[Source data]
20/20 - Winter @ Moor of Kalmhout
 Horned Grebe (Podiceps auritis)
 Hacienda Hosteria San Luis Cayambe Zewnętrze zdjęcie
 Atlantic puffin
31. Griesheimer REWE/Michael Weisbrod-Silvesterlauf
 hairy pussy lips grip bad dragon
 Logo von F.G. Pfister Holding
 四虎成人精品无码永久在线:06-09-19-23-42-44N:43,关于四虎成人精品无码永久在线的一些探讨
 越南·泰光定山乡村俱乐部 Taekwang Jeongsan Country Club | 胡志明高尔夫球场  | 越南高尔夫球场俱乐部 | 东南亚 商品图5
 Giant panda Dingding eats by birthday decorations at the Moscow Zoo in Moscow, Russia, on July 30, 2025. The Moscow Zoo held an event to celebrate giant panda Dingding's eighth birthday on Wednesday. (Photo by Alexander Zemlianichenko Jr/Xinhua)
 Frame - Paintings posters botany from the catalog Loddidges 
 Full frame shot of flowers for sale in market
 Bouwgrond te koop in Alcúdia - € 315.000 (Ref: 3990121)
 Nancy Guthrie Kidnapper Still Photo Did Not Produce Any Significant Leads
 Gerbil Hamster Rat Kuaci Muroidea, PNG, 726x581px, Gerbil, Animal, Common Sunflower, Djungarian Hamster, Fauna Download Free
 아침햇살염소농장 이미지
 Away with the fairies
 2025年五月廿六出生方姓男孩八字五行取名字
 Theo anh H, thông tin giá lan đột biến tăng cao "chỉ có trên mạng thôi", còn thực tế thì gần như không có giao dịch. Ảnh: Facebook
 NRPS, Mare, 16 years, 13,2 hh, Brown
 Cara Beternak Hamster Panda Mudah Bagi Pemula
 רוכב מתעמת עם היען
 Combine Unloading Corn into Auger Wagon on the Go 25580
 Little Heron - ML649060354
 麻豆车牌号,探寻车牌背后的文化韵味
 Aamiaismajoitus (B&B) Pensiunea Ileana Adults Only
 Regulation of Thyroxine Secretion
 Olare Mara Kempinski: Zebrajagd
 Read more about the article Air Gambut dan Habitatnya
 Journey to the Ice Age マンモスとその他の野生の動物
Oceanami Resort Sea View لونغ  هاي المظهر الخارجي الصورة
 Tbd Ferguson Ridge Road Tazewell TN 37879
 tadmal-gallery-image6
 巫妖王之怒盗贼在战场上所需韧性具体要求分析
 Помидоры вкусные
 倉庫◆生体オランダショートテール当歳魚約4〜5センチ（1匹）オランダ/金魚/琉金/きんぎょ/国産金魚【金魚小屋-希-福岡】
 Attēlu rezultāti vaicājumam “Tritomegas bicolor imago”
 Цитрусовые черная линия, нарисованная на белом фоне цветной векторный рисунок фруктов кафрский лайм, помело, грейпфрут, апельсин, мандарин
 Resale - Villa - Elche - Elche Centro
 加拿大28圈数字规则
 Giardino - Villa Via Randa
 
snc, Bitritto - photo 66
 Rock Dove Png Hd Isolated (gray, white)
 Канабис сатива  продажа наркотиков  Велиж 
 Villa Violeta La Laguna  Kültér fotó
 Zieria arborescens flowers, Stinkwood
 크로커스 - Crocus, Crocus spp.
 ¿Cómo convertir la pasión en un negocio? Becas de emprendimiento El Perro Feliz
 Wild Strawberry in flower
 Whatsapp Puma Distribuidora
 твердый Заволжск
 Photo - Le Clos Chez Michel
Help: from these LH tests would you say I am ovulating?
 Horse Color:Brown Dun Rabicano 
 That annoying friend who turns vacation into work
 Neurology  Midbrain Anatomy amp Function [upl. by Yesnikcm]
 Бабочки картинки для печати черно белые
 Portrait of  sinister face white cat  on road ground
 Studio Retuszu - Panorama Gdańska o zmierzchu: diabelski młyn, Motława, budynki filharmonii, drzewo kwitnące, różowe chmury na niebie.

### [WHAT THE TASK ASKS]
What you give back should be only the lines of the records above, starting at the line with "Rock Dove Png Hd Isolated (gray, white)" and ending at the line with "Horse Color:Brown Dun Rabicano", restated word for word.

### [RESPONSE TO THIS EXERCISE]
 Rock Dove Png Hd Isolated (gray, white)
 Канабис сатива  продажа наркотиков  Велиж 
 Villa Violeta La Laguna  Kültér fotó
 Zieria arborescens flowers, Stinkwood
 크로커스 - Crocus, Crocus spp.
 ¿Cómo convertir la pasión en un negocio? Becas de emprendimiento El Perro Feliz
 Wild Strawberry in flower
 Whatsapp Puma Distribuidora
 твердый Заволжск
 Photo - Le Clos Chez Michel
Help: from these LH tests would you say I am ovulating?
 Horse Color:Brown Dun Rabicano 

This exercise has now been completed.